Katz wrote in response to the Paper reporting allegations Monday by current and former tenants accusing the real estate bigs of trying to stop the renters from organizing on a residents-only chat on the messaging service Slack.
Goose oversees roughly 1,500 apartments across 10 buildings for Rabsky in Williamsburg, Greenpoint, and Queens.
Resident organizer Billy Taylor who lives at Rabsky’s 26 West apartment building in Greenpoint said that management tore down 10 posters advertising the group channel over the past year, and alleged that the company used phony profiles to try to infiltrate the chat.
Katz denied that Goose or Rabsky attempted to gain access to the Slack and noted that Goose did end up allowing one poster in a dedicated frame at 26 West and that they would allow for that at other buildings, too — as long as such a request comes from a resident.

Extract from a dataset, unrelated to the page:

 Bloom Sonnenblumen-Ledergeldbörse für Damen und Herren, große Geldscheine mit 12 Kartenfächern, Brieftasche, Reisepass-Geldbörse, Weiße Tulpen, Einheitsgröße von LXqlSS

“It has always been the policy of Goose Property Management/The Rabsky Group to respect our tenants’ rights,” the rep wrote. “We have not and will not obstruct any attempt to have our tenants organize as we understand our tenants’ needs and rights and will always stand up for that.”

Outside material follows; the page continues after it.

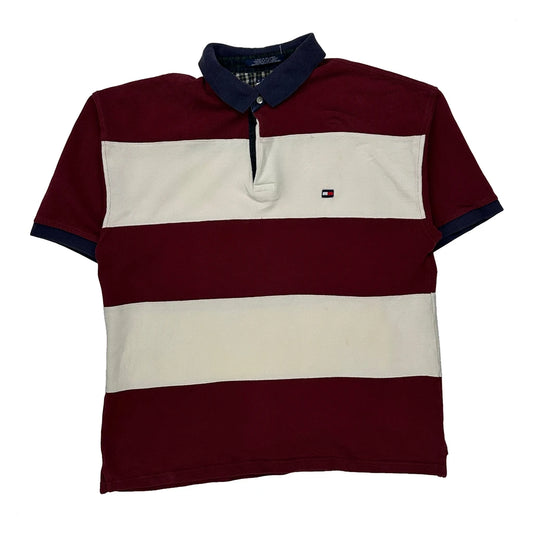 Vintage Tommy Hilfiger Striped Polo Shirt - XL Burgundy Cotton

Taylor, though, said they continued to tear down posters at two other Goose properties, the Rheingold in Bushwick and the Driggs in Williamsburg, even after allowing him to hang the notices at 26 West.
Katz claimed he was not aware of any posters being removed from other buildings, but said that tenants would only be allowed to hang posters within their own buildings.
“We are not aware of any posters being removed from any other location, and would be happy to assist any tenant who wishes to reach out on behalf of the property they reside in,” he said. “Tenants can request a space and put up posters in their building only.”
Taylor accused the property manager of talking out of both sides of his mouth, adding that they were trying to keep him from hanging posters at other Goose buildings.
“It took 10 times [of posters being removed] and his management staff was well aware of that,” the Greenpointer said. “I am going to go in personally and hang them up, I’m not going to jeopardize other people who are scared to hang them up.”
When asked about the tearing down of the posters, Katz said they didn’t know what happened, but speculated that cleaning staff may have taken them down.
“We are unsure what happened with the original posters the tenant claims he had put up, as we did not instruct our staff to remove it. However, being that we generally do not allow posters or solicitation in the lobby or building besides for a designated space, it is possible that a cleaning porter had removed them prior to the tenant requesting a designated space,” he said.